Mais en pleine ville, l’utilisation des drones – avec les risques engendrés – ne risque-t-elle pas de se banaliser après l’épidémie ? De son côté, la PP indique simplement que son "unité des moyens aériens de la direction opérationnelle des services techniques et logistiques (…) travaille toute l’année sur des missions diverses et continuera à le faire dans les conditions strictement encadrées par la réglementation". "La crise sanitaire accélère le processus déjà à l’œuvre depuis de longues années dans le discours sécuritaire, on déploie de plus en plus de technologies invasives à l’intérieur de nos villes", souligne au contraire le journaliste d’investigation Olivier Tesquet, auteur de "À la trace", une grande enquête sur "les nouveaux territoires de la surveillance" publiée en janvier dernier.

Les villes sont petit à petit militarisées

"Le contexte offre un levier extraordinaire, encore plus puissant que ceux utilisés jusqu’ici, analyse le journaliste, qui a par ailleurs écrit un article sur la question pour Télérama fin février. On observe d’ailleurs une continuité sémantique entre la guerre contre le terrorisme et la guerre contre le virus. Et par le passé, on a vu que des mesures comme avec l’état d’urgence ont été transposées dans le droit commun. Vigipirate, lancé en 1995, n’a par exemple jamais été levé. Pour les drones, on se rend compte que les villes sont petit à petit militarisées. On déploie dans l’espace urbain des technologies importées de l’industrie de la défense. Plus généralement, je me demande à quoi ressemblera la vie privée et le secret médical à l’avenir. Est-ce qu’on surveillera nos déplacements jusque chez nous ? Les normes sont susceptibles de vite évoluer, et il nous restera que nos yeux pour pleurer si on ne se mobilise pas."

La tentation d'un "solutionnisme technologique"

Olivier Tesquet pointe du doigt le risque d’"effets discriminants" : "Du moment où nous sommes en guerre, comme le répète le président Emmanuel Macron, cela signifie que nous avons un ennemi. Avant, on visait le terroriste. Maintenant, l’ennemi pourrait devenir la population potentiellement contaminée, précarisée, qui continue à travailler. Ces personnes seront peut-être ciblées par des mesures privatives de liberté." Le journaliste alerte également sur l’accélération des décisions : "Le propre de ces technologies de surveillance, c’est de comprimer le temps. On observait la Chine encore comme de la science-fiction il y a peu, mais le futur dystopique se retrouve presque transposé chez nous désormais, dans notre quotidien.
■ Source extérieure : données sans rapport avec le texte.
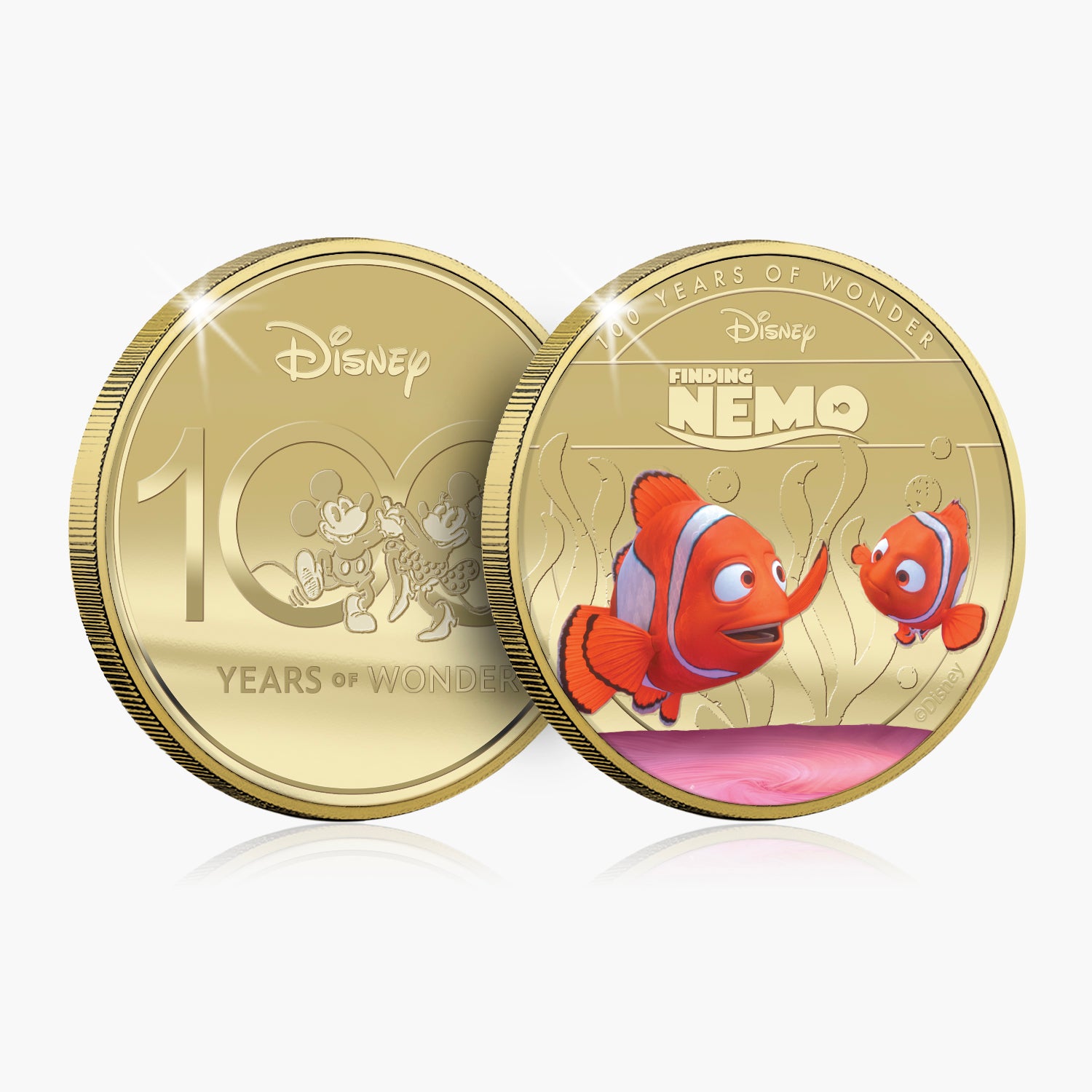 D100 Disney Le Monde de Nemo Plaqué Or Commémoratif
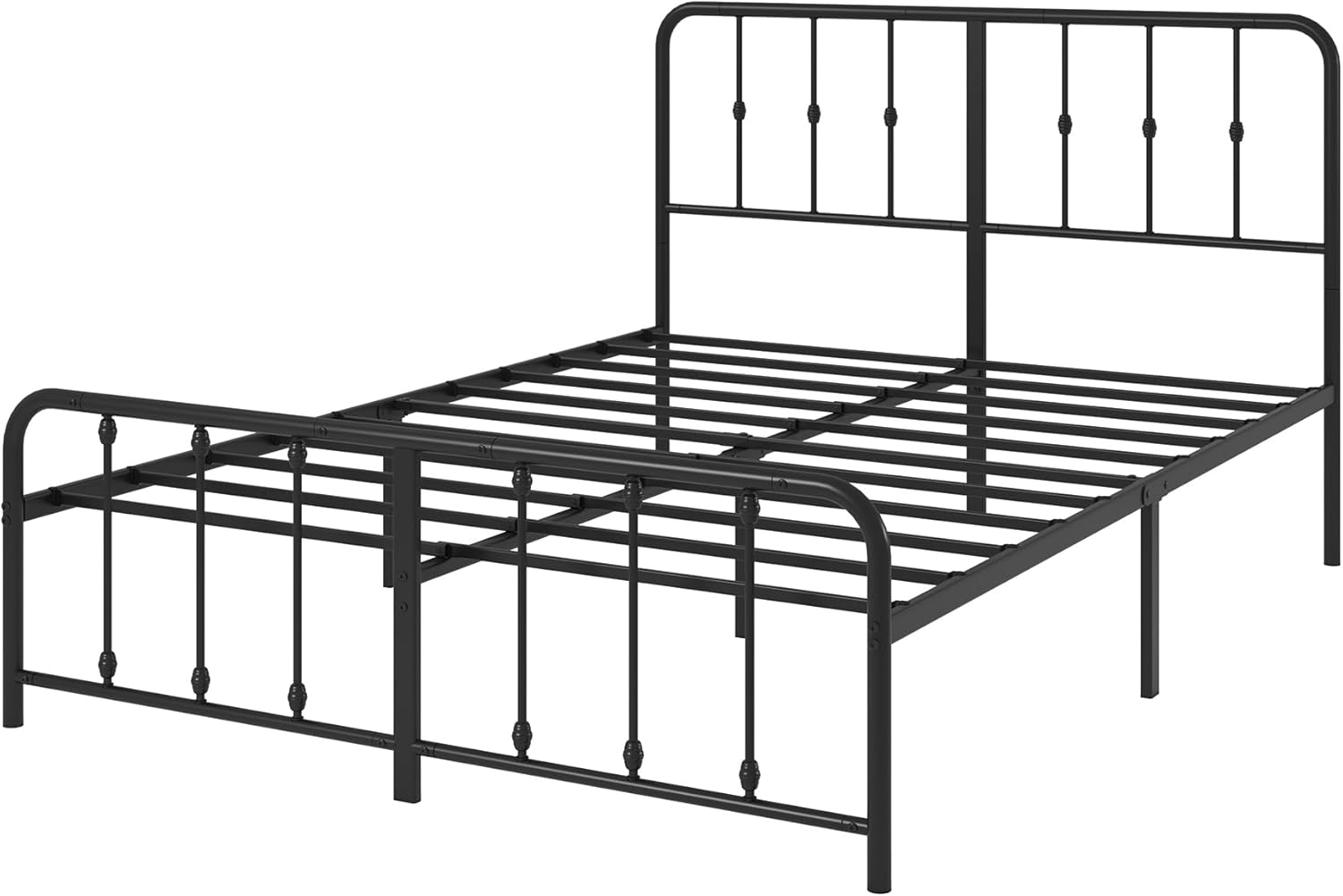 Zinus - Florence - 140x190 cm - sommier métal robuste, tête de lit, rangement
Ce qu’on voyait dans "Black Mirror" semble aujourd’hui à peine une extrapolation du présent." "La France utilise d’ailleurs beaucoup le repoussoir chinois, alors même que nous achetons souvent du matériel technologique à la Chine, notamment des drones, poursuit Olivier Tesquet. Quel que soit les pays, même dans nos démocraties libérales, il y a une tentation sécuritaire assez universelle. La réponse offerte face à cette crise, avec des outils technologiques et policiers comme les drones, dit beaucoup de la nature du régime dans lequel on vit. Le solutionnisme technologique sert aussi à camoufler l’incurie de nombreuses politiques publiques. Pénurie de masques, crise de l’hôpital public… Il y a une tentation pour les gouvernements d’utiliser ces outils comme écran de fumée, pour une crise qu’ils n’ont pas su enrayer quand ils en avaient les moyens."

On n’a jamais été aussi prêt d’abandonner tout un tas de libertés au nom d’un impératif sanitaire

A Paris, les autorités balaient pour l’instant les critiques : "La préfecture de Police n’a pas observé de remontées particulièrement négatives sur l’utilisation de ses drones depuis le début du confinement". Olivier Tesquet se dit, lui, assez pessimiste : "Il y a une forme d’accoutumance chez une partie de la population, qui semble plutôt bien s’en accommoder. Nos défenses immunitaires, pour prendre une métaphore médicale, ont déjà été très affaiblies ces dernières années. Il est difficile de mobiliser l’opinion publique sur le sujet des dispositifs invasifs, et aujourd’hui le virus porte en lui un pouvoir normalisateur très fort. On n’a jamais été aussi prêt d’abandonner tout un tas de libertés au nom d’un impératif sanitaire, alors même qu’on devrait redoubler de vigilance."